Analysis of postoperative course and follow-up period
Limb length was the most important indicator measured serially during the course of follow-up and growth. Three children (#1-3) who had primarily undergone intramedullary nail and tibial allografts followed by secondary reconstruction with fibula free flap demonstrated limb length shortening with discrepancy of 17 mm to 55 mm after 84 to 144 months follow-up. The other three children (#4-6) who underwent primary fibula flap for pathologic fracture did not have stress fracture and presented limb length discrepancy (LLD) of 17, 7, and 0 mm, respectively, as shown in Table 1. Child number 5 had an overgrowth discrepancy, which was treated by distal tibiofibular joint fusion.
In one of the children (#1), a fibular flap distal osteosynthesis nonunion was noted, which was managed by conventional bone grafting three times in the following 3 years. Two children had stress fractures (#2,4) that occurred after reconstruction and were treated by splinting.
Residual ankle valgus deformity on the side of the CPT was noted in two children (33%). One child had corrective osteotomies for treating this deformity and Illizarov bone distraction 108 months after fibular flap reconstruction. The other patient underwent corrective osteotomy for valgus and 1 cm overgrowth at the 84-month follow-up.
Except for the child who recently underwent the free fibular flap procedure (9 months ago), the other five children who underwent microsurgical procedures between 81 months and 200 months had to undergo multiple other corrective procedures. These children underwent between three to six procedures with a mean of five procedures. The secondary procedures performed included removal of metal work, removal of broken metal work, corrective osteotomies, and in one case, correction of LLD.
Fifty percent of the children who underwent surgery had ankle valgus deformity of the donor site, which required a corrective osteotomy procedure.
Analysis of Conservative Management
Table 2 shows the features of the children treated by conservative measures. Three children with Crawford Grade 1 who were diagnosed below the age of one were treated conservatively. These children presented with only deformity and no fracture, and thus, serial bracing was the treatment option chosen. They had regular 6-month clinical follow-ups with radiographic assessments each time for a period of 3 to 13 years. The outcomes of serial x-rays revealed the LLD was less than 1 cm in the conservative group.
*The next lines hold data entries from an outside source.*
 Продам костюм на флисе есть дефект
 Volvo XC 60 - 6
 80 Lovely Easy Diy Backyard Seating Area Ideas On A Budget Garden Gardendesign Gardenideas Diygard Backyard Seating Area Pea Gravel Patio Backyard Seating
One child underwent a distal ankle fusion due to medial malleolar tethering and contralateral knee guided growth to correct the discrepancy (Figure 1, Figure 2, Figure 3).
Table 2.
Children treated by conservative method.
Patient No. | Age at diagnosis | Current Age | M/F | Laterality and Crawford grade | Age at first Surgery | Number of operations so far | Surgeries prior to Free Fibula | Type of Fibula Flap | Residual Limb Length discrepancy | Residual Valgus deformity | Corrective Osteotomy | Donor site problems | Other Sequelae |
---|---|---|---|---|---|---|---|---|---|---|---|---|---|
1 | 1 year | 5years | M | Right and Grade 1 | N/A | N/A | N/A - splint | Conservative | Y 1 cm | N | N/A | N/A | Mild angulation |
2 | 5 months | 6 years | M | Grade 1 | N/A | N/A | N/A - splint | Conservative | Negligible (5mm) | N | N/A | N/A | N/A |
3 | 2 months | 12years | F | Grade1 | 6 years | 1 | DTFJ Fusion at the age of 6 years | Conservative | N | N | N/A | N/A | N/A |
Figure 1.
Initial radiograph of a child who underwent conservative management.
Figure 2.
Serial x-ray taken 3 years later of the same child who underwent conservative management—no obvious fracture was observed, and the deformity was manageable.
Figure 3.
Serial x-ray taken 4 years after the initial x-ray of the same child—no fracture and the deformity was manageable.
Discussion
Congenital pseudoarthrosis of the tibia is a complex problem usually presenting as a unilateral condition, with bilateral presentations regarded as extremely rare.1
Consistent with that of previous studies, our cohort at time of presentation ranged between the ages of 2-3, with four children presenting earlier.4 The pathology presents between the junction of the middle and distal 1/3 of the tibia with associated fibula involvement in 30-50% of cases.4
An association with NF1 has been extensively described1,2,4,5 and was present in all patients in our cohort.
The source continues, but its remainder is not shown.